French government and parliament miscalculate Taiwan question
Published: Nov 30, 2021 09:46 PM
A general view shows a session of questions to the government at The National Assembly in Paris on November 23, 2021. Photo: AFP

A general view shows a session of questions to the government at The National Assembly in Paris on November 23, 2021. Photo: AFP

The French National Assembly on Monday adopted a resolution supporting the participation of the island of Taiwan in international forums, according to media reports. For a major power like France, any decision arises not out of a sole cause, but out of comprehensive consideration and careful calculation.

First, Lithuania has repeatedly touched China's red line regarding the Taiwan question. As a response, China decided to downgrade its diplomatic ties with Lithuania to the level of chargé d'affaires. As Lithuania is a member state of the EU, France, being a major power of the bloc, needs to make some gesture to show the EU's unity.

Second, by playing the Taiwan card, France tries to test China's bottom line, and pile pressure on China, in an attempt to gain advantages when negotiating with China.

Third, the island of Taiwan has performed well in the semiconductor industry. It's likely France also hopes to gain some economic benefits by showing some support to the island.

Fourth, France's provocation over China on the Taiwan question is also influenced by the US. Paris still has to take into account the views of Washington when it comes to major decisions.

Furthermore, the next French presidential election is scheduled to be held in April 2022. President Emmanuel Macron therefore tends now to strike a high diplomatic profile. In addition, France will take the rotating Council of the European Union presidency in the first half of 2022. Against this backdrop, France intends to make some gestures on sensitive issues.

The National Assembly now has expressed support to the Taiwan island, but it is anticipated that neither the French president nor the prime minister will echo it. France is engaging in a careful political game. If China expresses dissatisfaction toward the move, the French government can pass the buck to the National Assembly. This can give Paris more flexible room to deal with China.

Besides, France is different from Lithuania. The three Baltic countries have very little economic dependence on China. They rely on the EU when it comes to politics and on NATO in terms of security. They believe tightly clinging to the US could bring more benefits. But France has its own calculations. It has close economic ties, as well as multiple political cooperation with China. If France steps on the red line of the Taiwan question, provokes China, it will suffer more losses than gains. Paris is hoping to maximize its interests through a so-called resolution. But it will try hard to avoid huge losses for this resolution. Those politicians are shrewd in this regard. 
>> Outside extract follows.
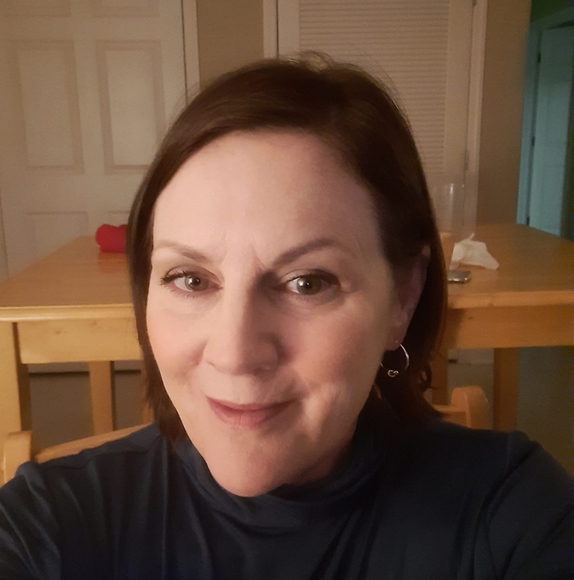 Profile Picture of Cheryl Arbury (@cherylarbury) on Poshmark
In October, a delegation from the French Senate visited Taiwan. For those senators, making rash moves on the Taiwan question is aimed at catching attention, winning votes and personal political gains. 
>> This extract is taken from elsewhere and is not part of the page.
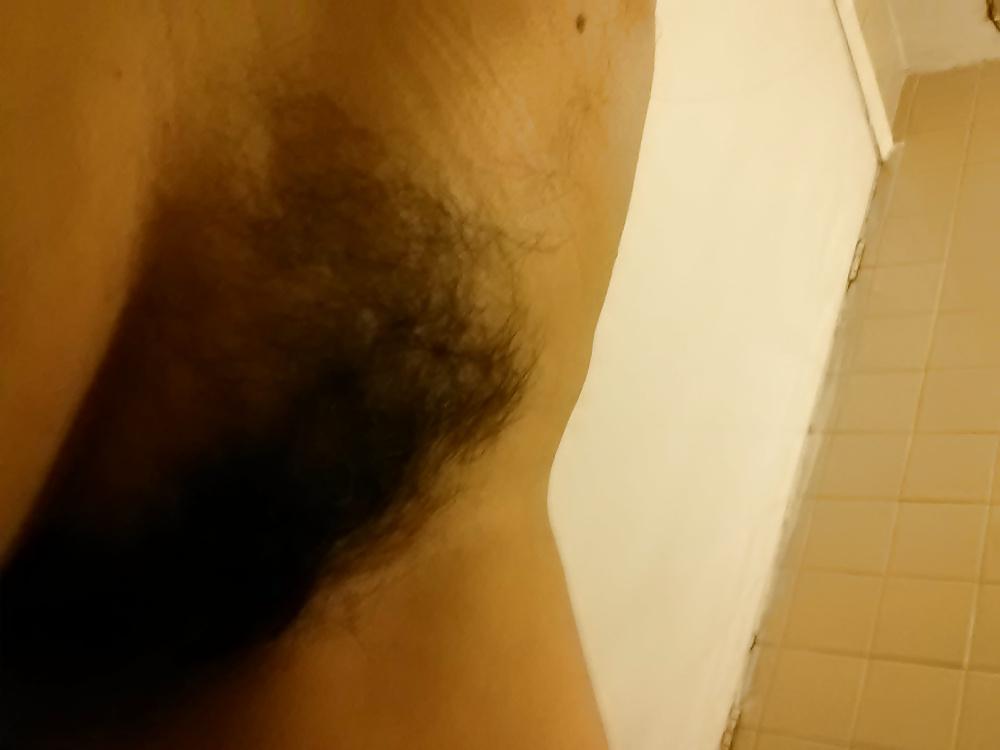 10P Playing with hairy pussy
There is a negative trend in Europe whereby the political arena is getting fragmented. Radical small political parties are emerging. Under such circumstance, it is hard to form a unified position. 
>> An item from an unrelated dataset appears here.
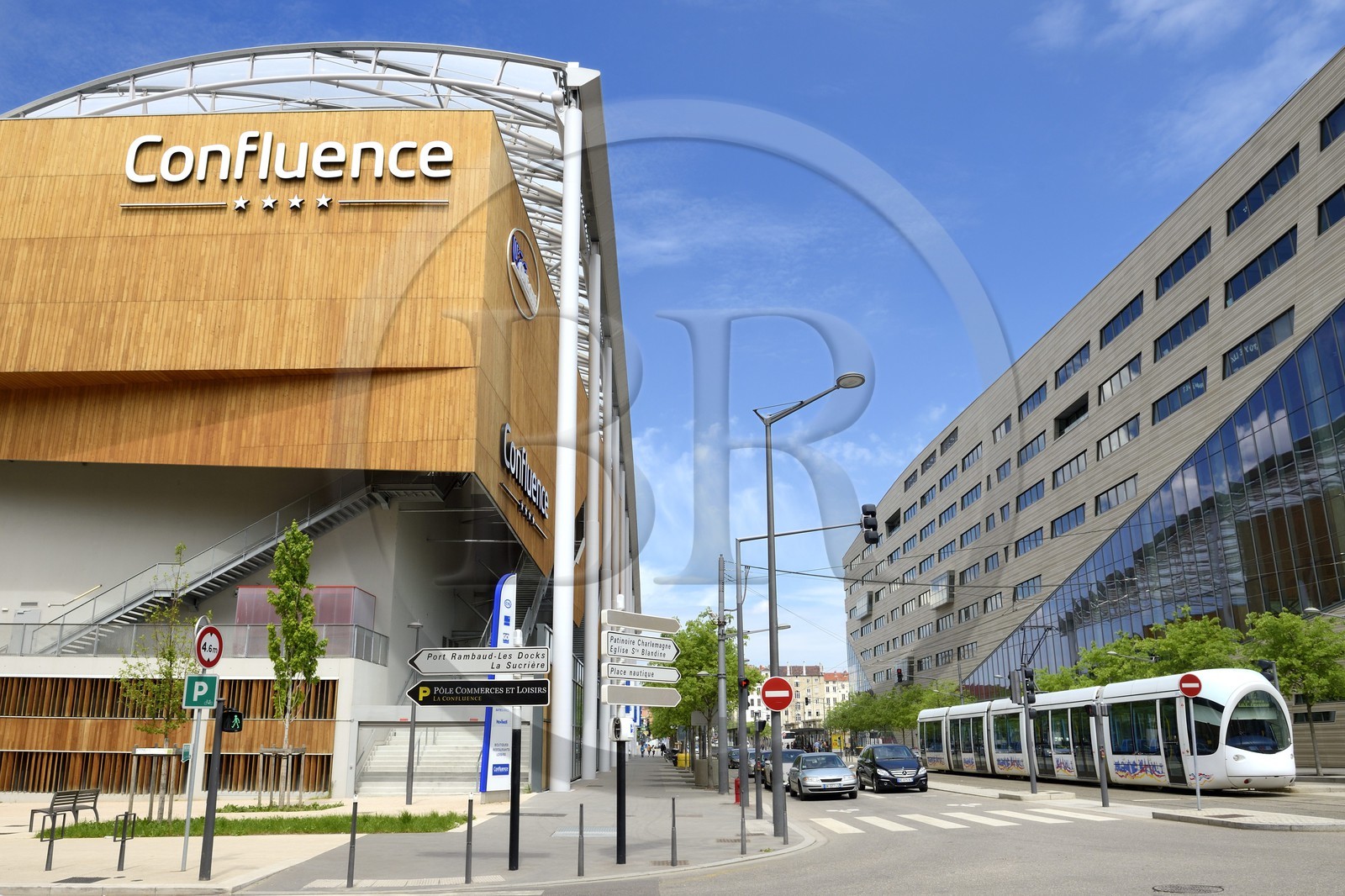 France, Rhône (69), Lyon, nouveau quartier de La Confluence au sud de la Presqu'île, le centre commercial de Confluence et le siège du Conseil régional de Rhône-Alpes réalisé par Christian de Portzamparc à droite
In order to boost their own strength, those small parties keep raising their voices, making the political environment more and more polarized. As a result, politicians even sacrifice their national interests for the sake of their own parties' policies and interests. 

Many European people are very clear about what the Taiwan question means to China. But certain politicians would still do irrational, incorrect things, hyping up a radical mentality for their survival. 

The new German government has been established. France will go though its general election next year. Political fragmentation in Europe may become more and more severe. Countries in the continent once hoped they would have a united single voice toward the outside world, but it will only become harder to achieve consensus. This will be bound to affect the stability of the EU's foreign policy, including its China policy. In years to come, the EU's China policy may witness a period of adjustments. 

One cannot overlook considerable benefits in cooperation between China and Europe. But competition between the two sides is also getting fiercer. European people are increasingly focusing on the competition. Partly due to instigation from the US, the vigilance of the entire Western world toward China is on the rise. 

Against this background, it may be difficult for China-EU relations to have a grand cooperation and take big strides forward. When the two sides interact with each other in years to come, they should manage competition, differences and frictions properly while cooperating. Both parties should find a suitable path of getting along amid cooperation and competition.